Fig. 4: The interplay between RGLG1/2 and PUB25.

a, b PUB25 associates with RGLG1/2 as assayed by co-IP. RGLG1/2-HA and PUB25-FLAG were co-expressed in Arabidopsis protoplasts. The protoplasts were pretreated with 30 μM MG132 for 2 h, and treated with or without 2.5 μM flg22 for 30 min. PUB25-FLAG was immunoprecipitated with anti-FLAG antibodies. Images shown are representative of at least two independent experiments. c PUB25 associates with RGLG2 at the plasma membrane. The indicated BiFC constructs were transfected into Arabidopsis protoplasts, and fluorescence was visualized by confocal microscopy. Scale bars: 10 μm. d RGLG2 directly interacts with PUB25 in vitro. The recombinant GST-RGLG2/GST proteins immobilized on GSH beads were incubated with purified His-FLAG-PUB25 proteins. The pulled-down His-FLAG-PUB25 proteins were detected by immunoblotting with anti-FLAG antibodies. c, d images shown are representative of three independent experiments. e PUB25 mediates RGLG2 degradation. RGLG2-FLAG was co-expressed with or without PUB25-HA in Arabidopsis protoplasts. GFP-FLAG was used as an internal transfection control. The protoplasts were treated with 50 μM CHX, and with or without 30 μM MG132 for 3 h before harvesting. f RGLG1/2 protein levels are higher in pub25 pub26 than in Col-0 protoplasts.
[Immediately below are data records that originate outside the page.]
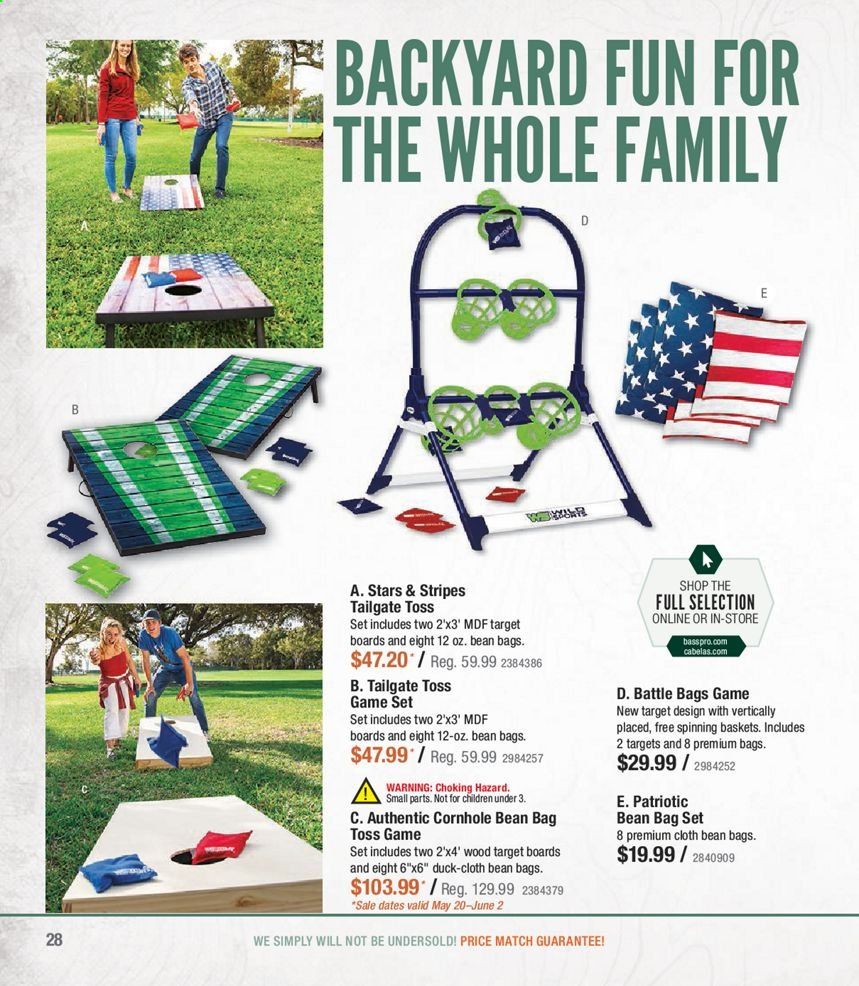 Cabela's Weekly Ad Flyer May 1 to May 8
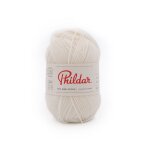 Pelote de fil  tricoter baby et socks cru - phildar - phildar - mondial tissus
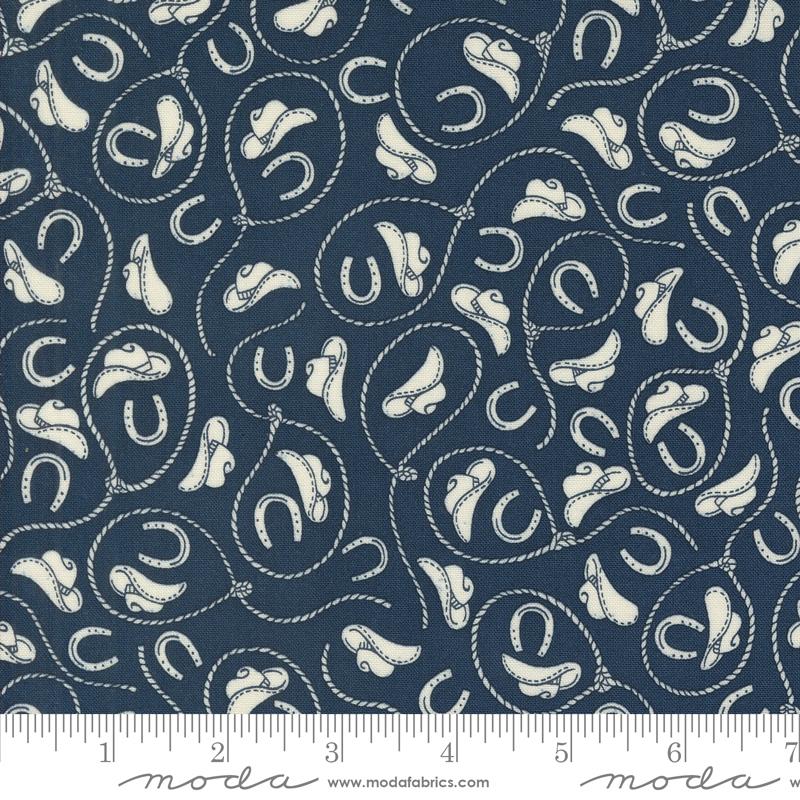 Saddle Ranch Night Sky - Quilt Fabric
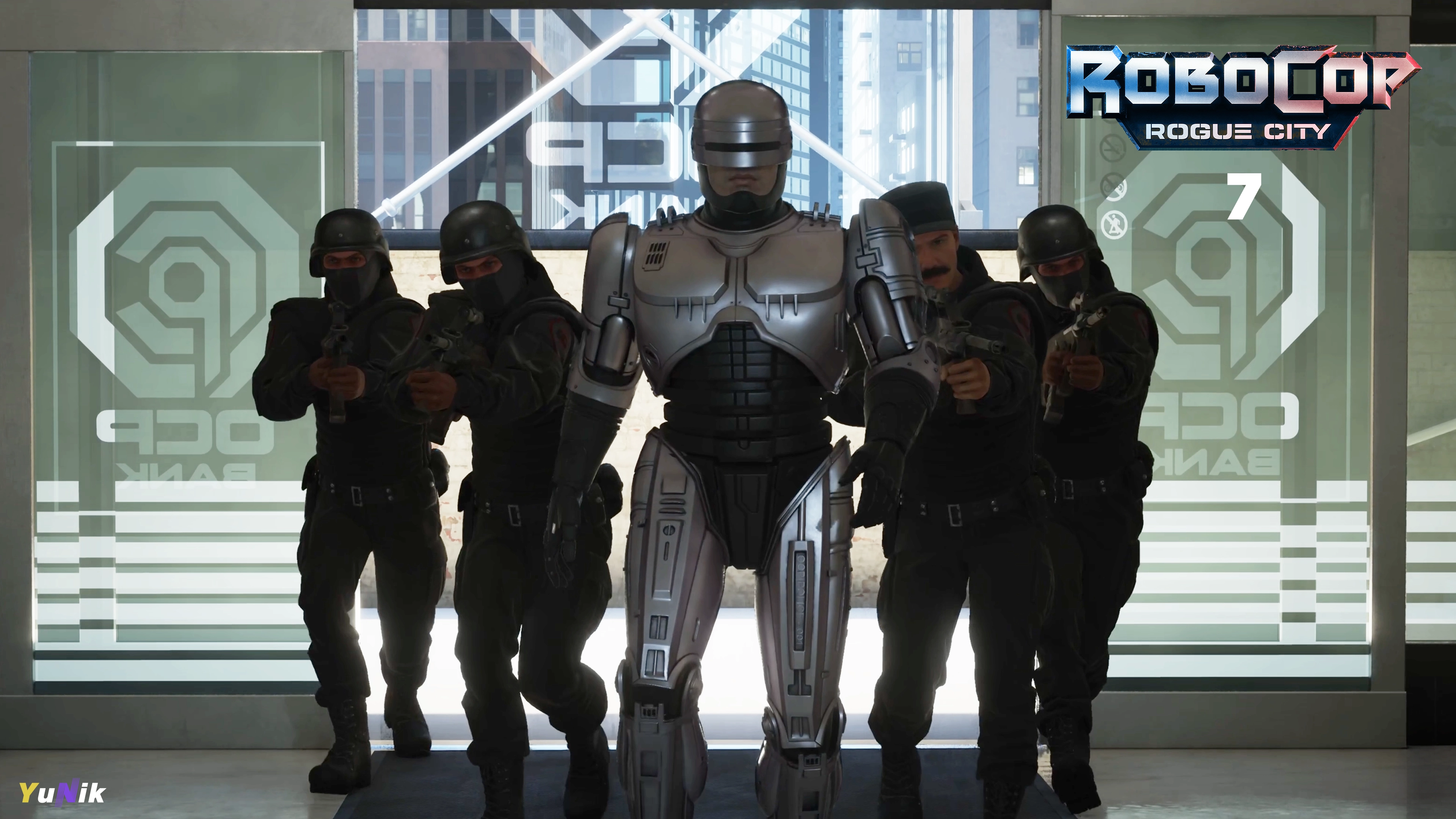 Ограбление банка | RoboCop: Rogue City | Прохождение 7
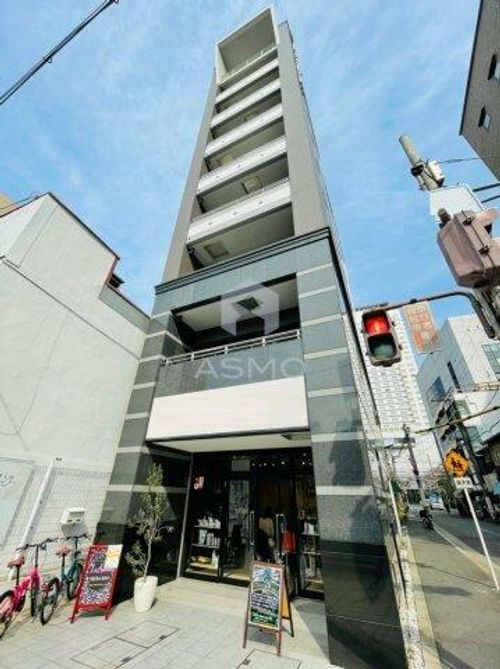 大阪府大阪市北区大淀中1丁目(マンション)の賃貸物件の外観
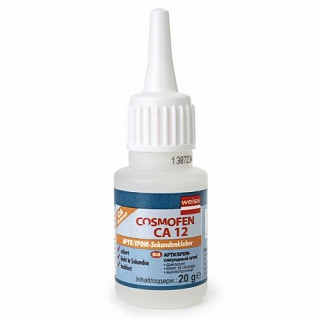 Cosmofen CA 12, цианакрилатный клей, 20гр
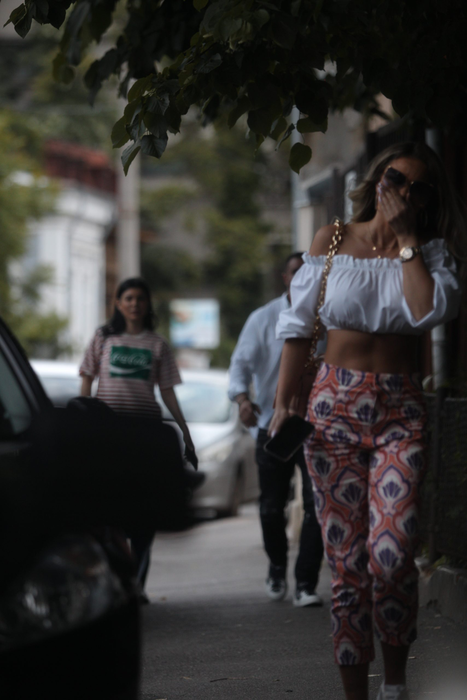 Bianca Drăgușanu, iubita lui Gabi Bădălău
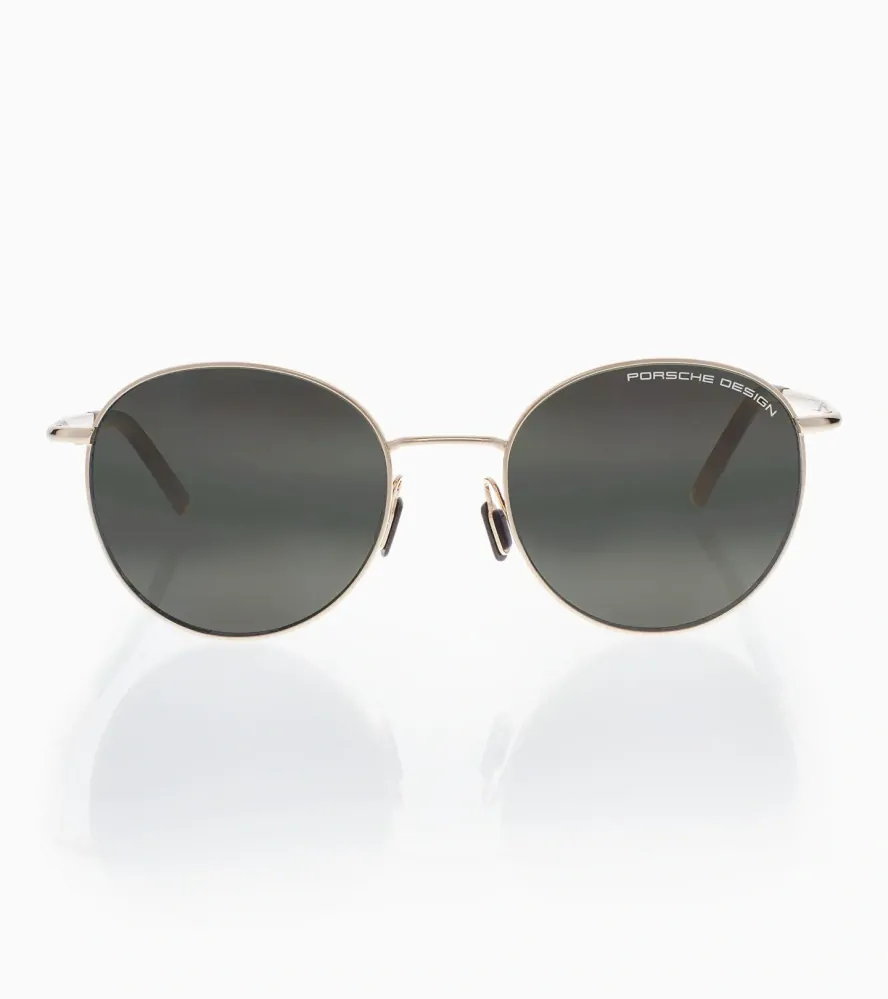 PORSCHE DESIGN Sunglasses P´8969 sluneční brýle zlaté s šedými skly pol.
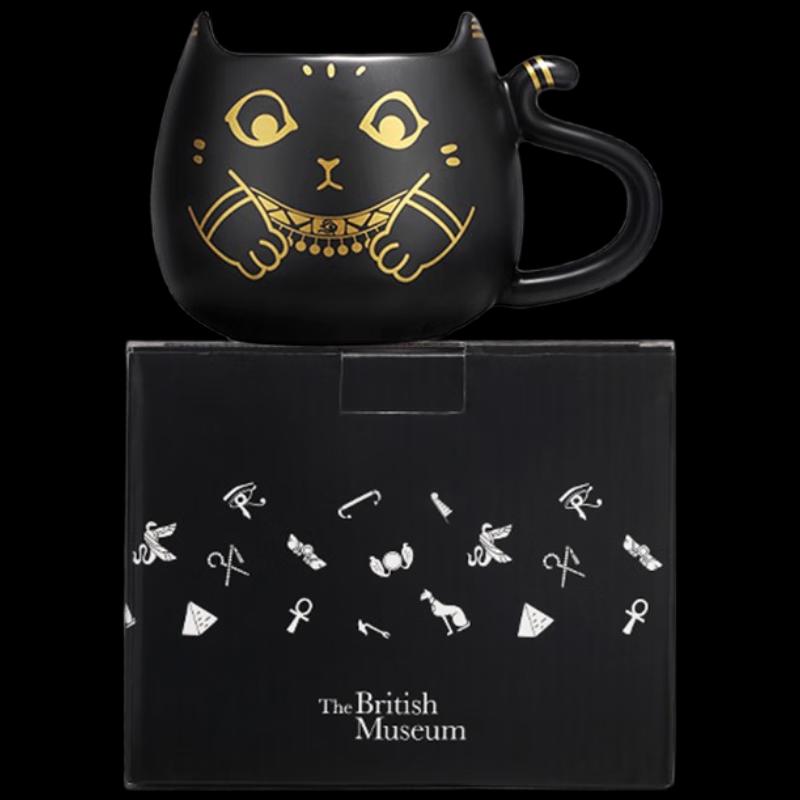 British Museum Gayer-Anderson Cat Ceramic Mug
RGLG1/2-HA were expressed in pub25 pub26 or Col-0 protoplasts. GFP-HA was used as an internal transfection control. The protoplasts were treated with 50 μM CHX for 3 h. e, f Images shown are representative of at least two independent experiments. g RGLG2 represses the ubiquitin ligase activity of PUB25. PUB25-HA and FLAG-Ub were co-transfected with RGLG2-MYC or RGLG2m-MYC into Arabidopsis protoplasts. The protoplasts were treated with 30 μM MG132 for 2 h before harvesting. IPs were performed with anti-FLAG antibodies. PUB25 autoubiquitination was detected by immunoblotting with anti-HA antibodies. Images shown are representative of three independent experiments.